ZAGREB (2 December 2021) -- A UN human rights expert today urged Croatian authorities to redouble efforts on the transitional justice process following the 1991-94 armed conflict, raising concerns about increased cases of radicalization and hate speech in the country.
At the end of a six-day official visit to Croatia, the Special Rapporteur on the promotion of truth, justice, reparation and guarantees of non-recurrence, Fabián Salvioli, urged the Government to advance the transitional justice agenda, including justice, truth, reparations to victims, and guarantees of non-recurrence.
"It is important that the Government gives an unequivocal sign to society and the international community of its commitment towards a comprehensive and holistic transitional justice process aimed at addressing past abuses, preventing their recurrence and establishing the foundations of a peaceful and respectful society for all," Salvioli said in a statement.
The UN expert praised the "progress made after the conflict, and particularly during Croatia's accession process to the European Union, with regards to the prosecution of war criminals, the search for missing persons, and the pace and quality of legislative and institutional reforms aimed at ensuring the rule of law, democracy and the promotion and protection of human rights".
"However, progress appears to have stalled in the last seven years and concerns have risen regarding the prospects of effective social reconciliation, particularly as a result of mounting instances of hate speech, glorification of war crimes, and the relativization of the decisions of the ICTY and national tribunals," he added.
Salvioli noted the legislative measures adopted by the Government of Croatia to curb this extremely worrying trend, but also its insufficient implementation. "I urge the relevant police, judicial, legislative and executive authorities to adopt all necessary measures to adequately respond to the raise in radicalization and hatred expressed in certain sectors of society, to ensure that the steps taken so far towards reconciliation are not irremediably reverted," he said.
During his visit, Salvioli met government officials, civil society and human rights representatives, victims and survivors.

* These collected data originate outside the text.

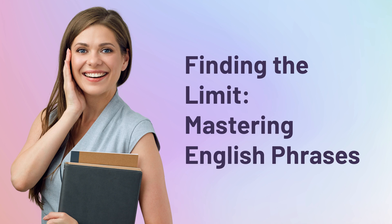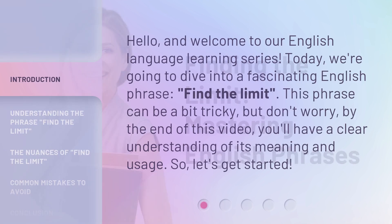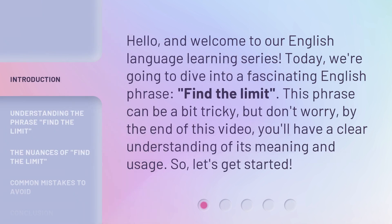Finding the Limit: Mastering English Phrases. Hello, and welcome to our English language learning series. Today, we're going to dive into a fascinating English phrase — 'Find the Limit.' This phrase can be a bit tricky, but by the end of this video, you'll have a clear understanding of its meaning and usage. So, let's get started.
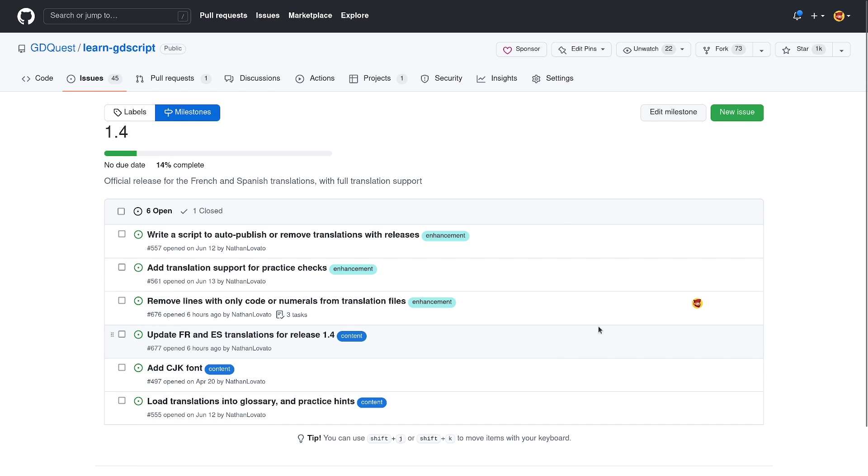For the next version, we are focusing on refining the translations, because yes, this app supports multiple languages. We officially want to support French and Spanish, and the community is working on 14 more languages.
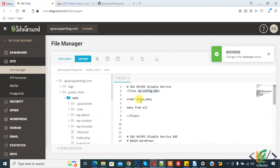So in this way you can block unauthorized access of wp-config.php file through dot htaccess.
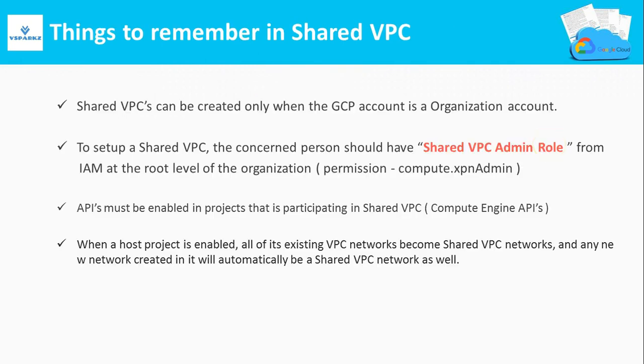There are some things that you should remember while creating or using a Shared VPC. Normally Shared VPCs can be created only when the GCP account is an organizational account. So to create an organizational account, you need a domain. If you don't know how to create an organizational account, please refer to the previous videos.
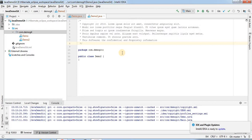So guys, this is the way to add the copyright in IntelliJ IDEA. Hope this session is helpful for you. If you are finding it beneficial, you can go ahead and subscribe to this channel. Thank you for your time and thanks a lot.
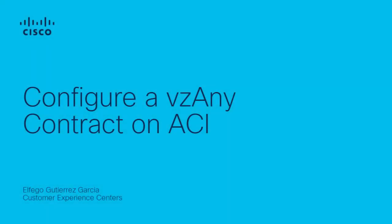Hi, my name is Elfago Gutierrez from Cisco ACI Tag Team. Today I want to show you what a vzAny contract is and how to configure it.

He also visited mass grave sites, exhumation locations, memorials of the 1990s conflict and sites of World War Two concentration camps.
The expert recalled that "for a process of transition and reconciliation to be effective, the acknowledgement of the suffering and dignity of all victims is vital, as is the transmission of their stories to current and future generations, not only through school curricula and text books, but also through cultural activities and through the media".
"The legacy of past violations in all its complexities must be adequately and comprehensively addressed to assist in the process of social reconciliation, placing the victims at the centre of this process," Salvioli said.
The Special Rapporteur will submit a full report on the visit to the Human Rights Council in 2022.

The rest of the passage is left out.